Equity and Your Home, A Hidden Asset?
The equity you have established in your home may be one of your
best assets, you just aren't aware of the value, and many
individuals don't realize what they can do with that hidden
asset. In fact, there so many uses for the hidden equity in your
home that this article is only going to cover the most common.
A home-equity line of credit allows you to withdraw only the
amount of money you'll need for various home-improvements, to
begin your own business, or even to finance a prospective buyers
purchase. The equity in your home can be a withdrawal for
investment purposes, 401(k) plans, or debt consolidation. What
you chose to do with the equity in your home, can eliminate high
interest credit card debt and convert that interest to a
tax-deductible year end savings for you.
Many consumers simply aren't aware of the possible benefit of a
second mortgage, a home-equity line of credit, or simply a
refinance of their current and existing mortgage. For some, the
fear of the loss of their home seems to outweigh any benefit
that might be had from the use of the equity, and for these
homeowners refinancing or home-equity lines of credit might not
be an option. For the more informed consumer, a home-equity line
of credit will open many doors, and provide a growing family
with needed room, a larger living room, or even an extra bedroom.
If you ever given thought to the possibility that there is a
more profitable use for the equity in your home you're probably
a candidate.
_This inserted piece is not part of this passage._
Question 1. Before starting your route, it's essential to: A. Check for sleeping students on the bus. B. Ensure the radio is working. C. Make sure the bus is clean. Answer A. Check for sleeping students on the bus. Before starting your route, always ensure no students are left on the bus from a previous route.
Exactly how to invest that money for the greatest
amount of benefit will depend largely on your personal and
individual financial situation; it is at this point is you
should seek the advice of a financial adviser, or may be a tax
planner.
Let's take a moment to discuss the different options you have
with the withdrawal of the equity in your home: a home-equity
line of credit, a mortgage refinance, or a second mortgage will
provide the consumer. A home-equity line of credit is simply
that an extension of credit from your bank or mortgage-lender
based on the amount of equity you have established in your home.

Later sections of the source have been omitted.